Over at the Canon Fodder blog — which is quickly becoming one of my favorite blogs — Michael Kruger has written an intriguing post entitled A Curious Clue About the Origins of the New Testament Canon, in which he highlights evidence from 2 Corinthians 3 regarding the concept of a canon of Scripture and the formation of the New Testament canon. Here is a portion of the post, which follows evidence from passages speaking of the Old Covenant as something that is written:
These passages indicate that covenants were largely conceived as something written or read; i.e., something in a book. It is precisely for this reason that warnings were given not to change the text of the covenant (Deut 4:2), and there were concerns about it being in the proper physical location (Ex 25:16).
If so, then what shall we make of Paul’s statement in 2 Cor 3:6 that he and the other apostles are “ministers of a new covenant”?
Given Paul’s statement in 2 Cor 3:14 that we just noted, it would be natural to think that Paul has in mind a new set of written documents that testify to the terms of the covenantal arrangement in Christ.
As Carmignac argues, “In order to use the expression ‘Old Testament’ he [Paul] must also be aware of the existence of a ‘New Testament.’” Carmignac even goes further and suggests that this ‘New Testament’ may have had contained a number of books in order for it to be parallel with the Old.
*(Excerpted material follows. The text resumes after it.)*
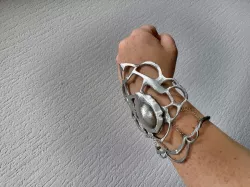 Elegant Braclet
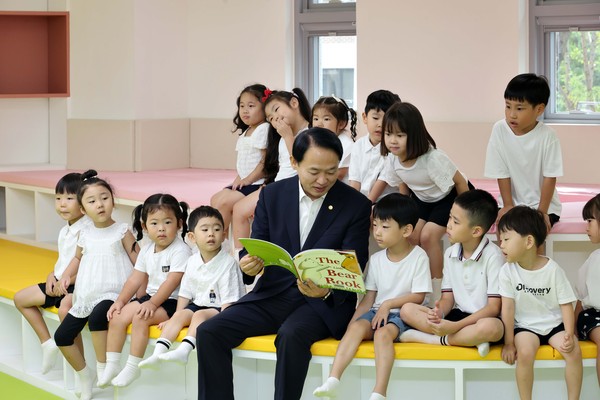 ▲ 김찬진 인천동구청장이 아이들에게 책을 읽어주고 있다.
The likelihood that Paul views the new covenant as having written documents increases when we make the simple observation that Paul is claiming for himself this distinctive covenantal authority within a written letter to the Corinthians. And scholars have observed how this very letter functions as a “covenant lawsuit”against the Corinthians.
I recommend reading the entire post. I also highly recommend Kruger’s book Canon Revisited: Establishing the Origins and Authority of the New Testament Books, which is the best book I’ve read on the subject.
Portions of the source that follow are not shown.